The preparation of a silicoaluminophosphate composition with a CHA framework structure in the presence of fluoride is reported in the PhD dissertation of Erling Halvorsen (K.-P. Lillerud, thesis advisor; University of Oslo, Department of Chemistry, 1996). This material is designated UiO-S4. In this work the authors claim that the preparation of pure UiO-S4 requires a TEAOH/Al2O3 ratio of 2 and low to medium HF content (HF/Al2O3=0.15-0.7). At lower TEAOH levels, mixtures of SAPO-5, SAPO-34, UiO-S6, and UiO-S4 were formed. For pure UiO-S4 the gel composition 2.0 TEAOH.1.0 Al2O3.1.0 P2O5.0.1 SiO2.0.2 HF.50 H2O was digested at 150° C. for 21 hours. Halvorsen indicated that the XRD pattern of the as-synthesized product did not resemble the pattern of SAPO-34 much, but upon calcination the familiar pattern of SAPO-34 is observed. Elemental analysis of the product showed (mole fraction, normalized) P 0.461, Al 0.499, Si 0.032, F 0.08. The average crystallite size was approximately 1.0 micrometer. While presenting new materials, including the production of SAPO-34 in a mixture of materials, there was no testing for use in the MTO process.

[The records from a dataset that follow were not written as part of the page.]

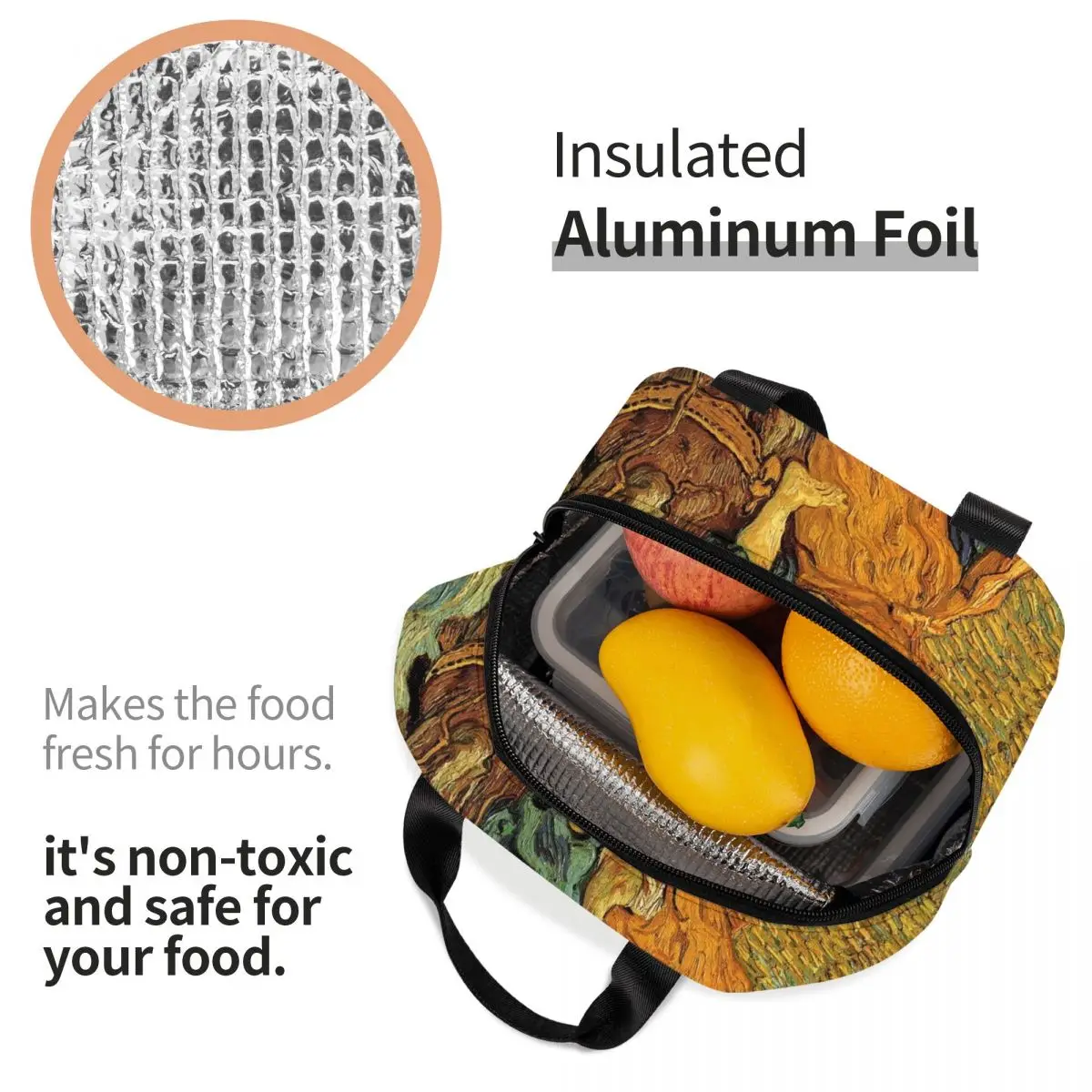 

Van Gogh Cooler Bags Waterproof Portable Zipper Thermal Oxford Lunch Bags For Women Convenient Lunch Box Tote Food Bags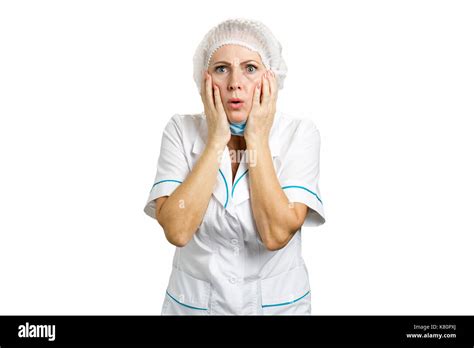 Beautiful Female Doctor Looking Shocked Stock Photo Alamy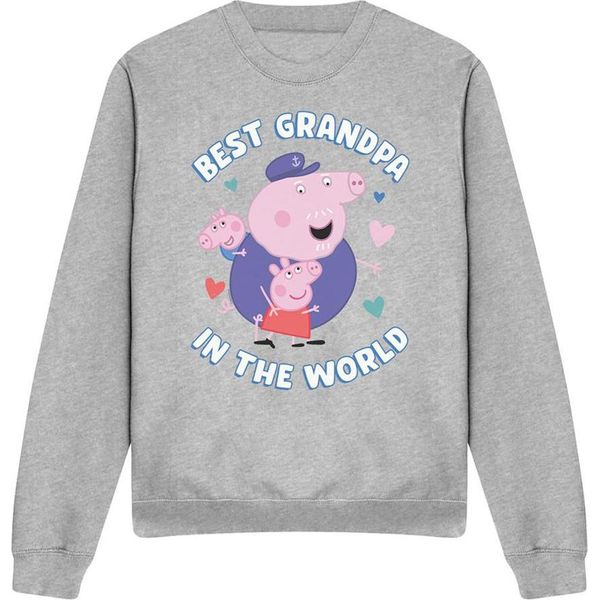 Peppa Pig - Felpa "Best Grandpa In The World"" Per Uomo/Donna Unisex TV21372 (L) (Grigio Screziato)"-image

The synthesis of SAPO-34 with TEAOH and HF is shown in U.S. Pat. No. 5,096,684. Example 10 uses gel composition 1.0 TEAOH.0.6 SiO2.1.5 Al2O3.0.7 P2O5.100H2O.1.0 HF and SEM analysis of the product shows nearly cubic crystals 2-15 μm in size, and a composition of Si0.13Al0.49P0.38. Example 11 uses gel composition 1.0 TEAOH.1.00 SiO2. 1.75 Al2O3.0.75 P2O5.100H2O.1.0 HF and produces a product with composition Si0.12Al0.50P0.38. These preps are characterized by high SiO2 levels in the reaction media and generate large crystals for the products.
A method of synthesizing aluminophosphate and silicoaluminophosphate molecular sieves and in particular to the synthesis of aluminophosphate and silicoaluminophosphate molecular sieves using N-methylethanolamine (MEA) as template with or without a source of fluoride is described in U.S. Pat. No. 6,767,858 B1. In example 1 the use of N-methyl ethanolamine as sole template results in good quality SAPO of CHA framework type but with 1.94 Si/CHA cage (16 mol % Si). In example 2, by combining TEACl with the MEA, SAPO with 0.96 Si/CHA cage (8 mol % Si) was produced. Alternatively, in example 3, by incorporating a F-source with the MEA, a SAPO molecular sieve of CHA framework type with an even lower level of silicon, 0.31 Si/CHA cage (2.5 mol % Si) was prepared. In all cases, no indication of crystal size or particle size was given. In the later case the equimolar Al and P content suggested that the acid site density would be very low which will produce a poor MTO catalyst, and not be an improvement.
The current state of production of a suitable SAPO-34 is still fraught with problems such as the generation of intergrowths in the crystals that results in crystals with a structure that has part CHA framework type and part AEI framework type, or the production of crystals that are too large. The mixture of framework types in the catalyst lowers the selectivity, and crystals that are too large rapidly coke up and have reduced activity in the process of methanol to olefin conversion.